0
votes

I have a question regarding the Cassandra data modelling while choosing the strategy.

I need to store the employee data that consists of attributes like id, name, email, date of birth, designation but these attributes will grow in future.

The partition key is going to be id.

There are two ways to design the table

  1. Create employee table:

    CREATE TABLE employee_horizontal (
        id text,
        name text,
        email text,
        dob DATE,
        designation text,
        PRIMARY KEY (id)
    ) ;
    

    But here I have the limitation that I can query using id

  2. Create employee table:

    CREATE TABLE employee_kv (
        id,
        key text, (predefined set of attributes name, email,dob, designation)
        value text,
        PRIMARY KEY (id,key)
    );
    

    The above table will give leverage to do a lookup based on id and key (if that key exists for employees).

Could someone please suggest some pros/cons for the above strategy?

1

1 Answers

1
votes

Cassandra modeling advocates denormalization of data.

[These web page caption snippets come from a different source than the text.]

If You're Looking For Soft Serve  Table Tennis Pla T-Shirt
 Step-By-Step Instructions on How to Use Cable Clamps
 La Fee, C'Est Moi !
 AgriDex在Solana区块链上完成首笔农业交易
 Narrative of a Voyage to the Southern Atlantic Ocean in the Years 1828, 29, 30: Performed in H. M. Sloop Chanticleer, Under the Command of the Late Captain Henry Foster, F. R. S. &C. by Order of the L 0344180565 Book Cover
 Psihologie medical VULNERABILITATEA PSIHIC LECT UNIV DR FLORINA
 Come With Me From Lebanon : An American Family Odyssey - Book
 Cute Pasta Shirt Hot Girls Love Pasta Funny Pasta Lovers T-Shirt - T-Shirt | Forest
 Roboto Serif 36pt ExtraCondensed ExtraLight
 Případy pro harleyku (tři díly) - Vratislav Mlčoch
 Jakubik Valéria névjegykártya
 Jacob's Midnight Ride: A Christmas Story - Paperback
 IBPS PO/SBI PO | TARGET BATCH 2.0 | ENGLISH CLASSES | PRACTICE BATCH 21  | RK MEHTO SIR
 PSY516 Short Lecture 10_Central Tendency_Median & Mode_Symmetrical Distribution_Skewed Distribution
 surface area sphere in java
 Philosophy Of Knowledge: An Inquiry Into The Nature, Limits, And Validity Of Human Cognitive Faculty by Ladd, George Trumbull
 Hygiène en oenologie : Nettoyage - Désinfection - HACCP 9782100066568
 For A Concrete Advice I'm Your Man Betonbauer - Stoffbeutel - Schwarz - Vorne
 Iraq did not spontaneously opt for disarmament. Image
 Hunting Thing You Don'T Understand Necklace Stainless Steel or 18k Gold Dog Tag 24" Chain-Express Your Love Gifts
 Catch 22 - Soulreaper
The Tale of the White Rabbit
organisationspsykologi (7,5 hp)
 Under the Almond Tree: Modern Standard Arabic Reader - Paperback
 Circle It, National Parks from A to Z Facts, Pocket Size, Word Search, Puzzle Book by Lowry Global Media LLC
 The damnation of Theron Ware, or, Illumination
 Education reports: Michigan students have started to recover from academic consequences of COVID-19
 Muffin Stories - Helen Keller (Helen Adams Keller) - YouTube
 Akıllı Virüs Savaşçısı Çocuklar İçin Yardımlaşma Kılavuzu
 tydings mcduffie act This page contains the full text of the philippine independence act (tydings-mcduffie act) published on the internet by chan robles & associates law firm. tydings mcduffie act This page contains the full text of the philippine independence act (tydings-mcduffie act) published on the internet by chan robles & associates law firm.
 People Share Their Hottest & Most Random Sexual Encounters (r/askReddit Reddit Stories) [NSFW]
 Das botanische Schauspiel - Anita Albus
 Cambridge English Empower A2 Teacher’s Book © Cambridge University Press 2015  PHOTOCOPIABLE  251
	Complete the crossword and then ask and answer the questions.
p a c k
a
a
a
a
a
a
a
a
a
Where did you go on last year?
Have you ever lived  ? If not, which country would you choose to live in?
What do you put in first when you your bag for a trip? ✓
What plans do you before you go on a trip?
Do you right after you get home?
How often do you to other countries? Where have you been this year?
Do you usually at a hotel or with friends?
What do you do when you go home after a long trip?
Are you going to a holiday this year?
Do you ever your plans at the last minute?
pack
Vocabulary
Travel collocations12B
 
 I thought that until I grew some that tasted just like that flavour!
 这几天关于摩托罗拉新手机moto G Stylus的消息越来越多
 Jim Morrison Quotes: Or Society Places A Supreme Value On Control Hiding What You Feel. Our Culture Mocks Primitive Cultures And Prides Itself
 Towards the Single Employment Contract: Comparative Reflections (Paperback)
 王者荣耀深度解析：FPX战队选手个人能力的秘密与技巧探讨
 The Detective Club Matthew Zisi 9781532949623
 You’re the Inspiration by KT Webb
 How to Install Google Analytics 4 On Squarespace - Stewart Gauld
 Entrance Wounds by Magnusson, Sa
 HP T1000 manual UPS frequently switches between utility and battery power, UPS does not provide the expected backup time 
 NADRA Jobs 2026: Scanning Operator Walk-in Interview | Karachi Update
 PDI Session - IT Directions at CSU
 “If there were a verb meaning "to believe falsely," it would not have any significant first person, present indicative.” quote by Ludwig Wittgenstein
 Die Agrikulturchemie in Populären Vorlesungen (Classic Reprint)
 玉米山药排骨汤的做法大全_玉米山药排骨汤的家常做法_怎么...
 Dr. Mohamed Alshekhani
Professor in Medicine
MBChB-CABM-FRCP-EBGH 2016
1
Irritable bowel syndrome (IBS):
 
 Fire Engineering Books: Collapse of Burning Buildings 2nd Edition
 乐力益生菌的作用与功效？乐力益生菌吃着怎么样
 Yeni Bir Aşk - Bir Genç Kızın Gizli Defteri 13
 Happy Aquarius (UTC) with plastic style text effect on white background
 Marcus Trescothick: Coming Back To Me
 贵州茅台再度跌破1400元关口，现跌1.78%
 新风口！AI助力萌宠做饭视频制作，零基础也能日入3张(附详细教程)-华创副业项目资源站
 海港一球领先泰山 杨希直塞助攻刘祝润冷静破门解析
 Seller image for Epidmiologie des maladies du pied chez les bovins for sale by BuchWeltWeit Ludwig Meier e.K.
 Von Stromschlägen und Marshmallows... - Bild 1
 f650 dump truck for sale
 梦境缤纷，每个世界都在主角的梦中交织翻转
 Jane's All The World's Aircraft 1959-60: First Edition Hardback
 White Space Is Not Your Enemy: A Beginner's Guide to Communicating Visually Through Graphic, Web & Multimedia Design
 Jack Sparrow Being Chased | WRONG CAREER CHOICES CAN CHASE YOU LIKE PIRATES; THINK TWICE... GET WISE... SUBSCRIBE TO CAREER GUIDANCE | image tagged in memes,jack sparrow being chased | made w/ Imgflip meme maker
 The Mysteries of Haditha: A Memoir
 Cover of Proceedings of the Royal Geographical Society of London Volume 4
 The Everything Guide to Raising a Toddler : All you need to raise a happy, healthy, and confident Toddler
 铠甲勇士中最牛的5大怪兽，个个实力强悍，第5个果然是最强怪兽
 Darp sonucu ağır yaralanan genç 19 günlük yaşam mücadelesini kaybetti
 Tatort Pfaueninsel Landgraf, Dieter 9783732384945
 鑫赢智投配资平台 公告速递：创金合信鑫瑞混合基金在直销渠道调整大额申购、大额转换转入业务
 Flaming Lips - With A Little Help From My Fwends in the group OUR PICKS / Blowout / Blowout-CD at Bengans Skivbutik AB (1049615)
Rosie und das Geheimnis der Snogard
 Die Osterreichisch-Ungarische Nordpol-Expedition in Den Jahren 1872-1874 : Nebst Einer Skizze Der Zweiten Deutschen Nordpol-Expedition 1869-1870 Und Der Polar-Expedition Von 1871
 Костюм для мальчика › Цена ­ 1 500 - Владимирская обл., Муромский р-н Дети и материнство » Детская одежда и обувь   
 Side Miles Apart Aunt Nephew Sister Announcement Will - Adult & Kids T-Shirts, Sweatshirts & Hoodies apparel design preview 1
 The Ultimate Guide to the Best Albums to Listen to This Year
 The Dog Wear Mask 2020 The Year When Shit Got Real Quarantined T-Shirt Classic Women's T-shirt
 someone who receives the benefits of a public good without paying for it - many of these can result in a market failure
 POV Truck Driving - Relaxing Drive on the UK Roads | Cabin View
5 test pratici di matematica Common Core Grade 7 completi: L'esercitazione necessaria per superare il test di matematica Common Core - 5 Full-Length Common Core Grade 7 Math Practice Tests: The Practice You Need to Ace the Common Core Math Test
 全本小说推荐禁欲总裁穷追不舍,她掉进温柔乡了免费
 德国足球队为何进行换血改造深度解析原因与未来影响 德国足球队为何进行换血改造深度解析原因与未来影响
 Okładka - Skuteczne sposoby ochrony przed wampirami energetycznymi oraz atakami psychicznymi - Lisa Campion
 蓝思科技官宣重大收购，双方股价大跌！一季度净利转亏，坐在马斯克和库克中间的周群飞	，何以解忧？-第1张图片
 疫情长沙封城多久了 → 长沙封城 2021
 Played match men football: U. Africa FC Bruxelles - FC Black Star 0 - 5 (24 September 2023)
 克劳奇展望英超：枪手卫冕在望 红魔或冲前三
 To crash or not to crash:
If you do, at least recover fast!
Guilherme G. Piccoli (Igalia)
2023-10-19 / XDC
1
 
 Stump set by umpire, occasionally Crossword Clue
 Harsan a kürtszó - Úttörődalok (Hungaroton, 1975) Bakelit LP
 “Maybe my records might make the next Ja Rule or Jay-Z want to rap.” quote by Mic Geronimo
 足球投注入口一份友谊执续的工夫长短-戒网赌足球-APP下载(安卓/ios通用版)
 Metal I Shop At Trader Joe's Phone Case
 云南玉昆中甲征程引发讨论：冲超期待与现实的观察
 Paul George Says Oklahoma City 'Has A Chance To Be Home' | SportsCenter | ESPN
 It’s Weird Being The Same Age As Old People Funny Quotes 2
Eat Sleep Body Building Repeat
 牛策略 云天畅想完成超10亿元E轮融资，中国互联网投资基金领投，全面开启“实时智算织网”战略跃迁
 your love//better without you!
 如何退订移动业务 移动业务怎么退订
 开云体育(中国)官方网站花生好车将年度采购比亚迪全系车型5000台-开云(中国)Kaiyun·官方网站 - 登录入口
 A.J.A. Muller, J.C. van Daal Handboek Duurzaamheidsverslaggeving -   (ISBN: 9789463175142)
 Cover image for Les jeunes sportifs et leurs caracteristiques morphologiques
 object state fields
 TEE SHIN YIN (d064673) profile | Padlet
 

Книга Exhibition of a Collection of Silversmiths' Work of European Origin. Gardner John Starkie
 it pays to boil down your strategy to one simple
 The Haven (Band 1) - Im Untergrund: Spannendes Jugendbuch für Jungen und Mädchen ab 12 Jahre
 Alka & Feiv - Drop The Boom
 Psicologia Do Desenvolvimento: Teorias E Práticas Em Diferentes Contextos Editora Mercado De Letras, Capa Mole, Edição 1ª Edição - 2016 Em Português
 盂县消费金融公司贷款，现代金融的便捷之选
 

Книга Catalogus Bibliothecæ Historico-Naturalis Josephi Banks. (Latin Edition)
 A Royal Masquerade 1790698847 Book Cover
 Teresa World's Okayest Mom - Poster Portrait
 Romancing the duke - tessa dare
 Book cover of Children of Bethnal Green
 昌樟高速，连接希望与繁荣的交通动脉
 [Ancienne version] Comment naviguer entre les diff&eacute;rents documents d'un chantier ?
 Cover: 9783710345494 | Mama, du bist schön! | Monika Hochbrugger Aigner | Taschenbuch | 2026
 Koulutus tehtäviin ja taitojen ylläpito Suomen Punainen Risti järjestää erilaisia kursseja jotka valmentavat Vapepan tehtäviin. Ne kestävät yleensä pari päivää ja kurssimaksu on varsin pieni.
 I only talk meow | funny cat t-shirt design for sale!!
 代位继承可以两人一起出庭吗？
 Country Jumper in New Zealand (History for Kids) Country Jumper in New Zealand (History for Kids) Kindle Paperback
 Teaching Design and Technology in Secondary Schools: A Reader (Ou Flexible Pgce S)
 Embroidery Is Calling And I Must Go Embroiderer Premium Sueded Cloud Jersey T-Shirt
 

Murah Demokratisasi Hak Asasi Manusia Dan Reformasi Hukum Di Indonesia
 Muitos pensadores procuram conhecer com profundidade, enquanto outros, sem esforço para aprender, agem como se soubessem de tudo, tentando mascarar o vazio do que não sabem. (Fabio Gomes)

Also modeling principle of Cassandra says design your tables based on your queries. So write down your queries first. For example if your queries could be like:

  1. Get employee by Id.
  2. Get employee by email Id.
  3. Get employee by designation.

Now to create a data model for your query, you have to create following tables

For Query 1,

    CREATE TABLE employee_by_id (
    id text,
    name text,
    email text,
    dob DATE,
    designation text,
    PRIMARY KEY (id)) ;

For Query 2,

   CREATE TABLE employee_by_email (
    id text,
    name text,
    email text,
    dob DATE,
    designation text,
    PRIMARY KEY (email)) ;

For Query 3,

    CREATE TABLE employee_by_designation (
    id text,
    name text,
    email text,
    dob DATE,
    designation text,
    PRIMARY KEY ((designation), name)) ;

This is just an example to show how to model your data for Cassandra. You cannot have a single table responding all your queries.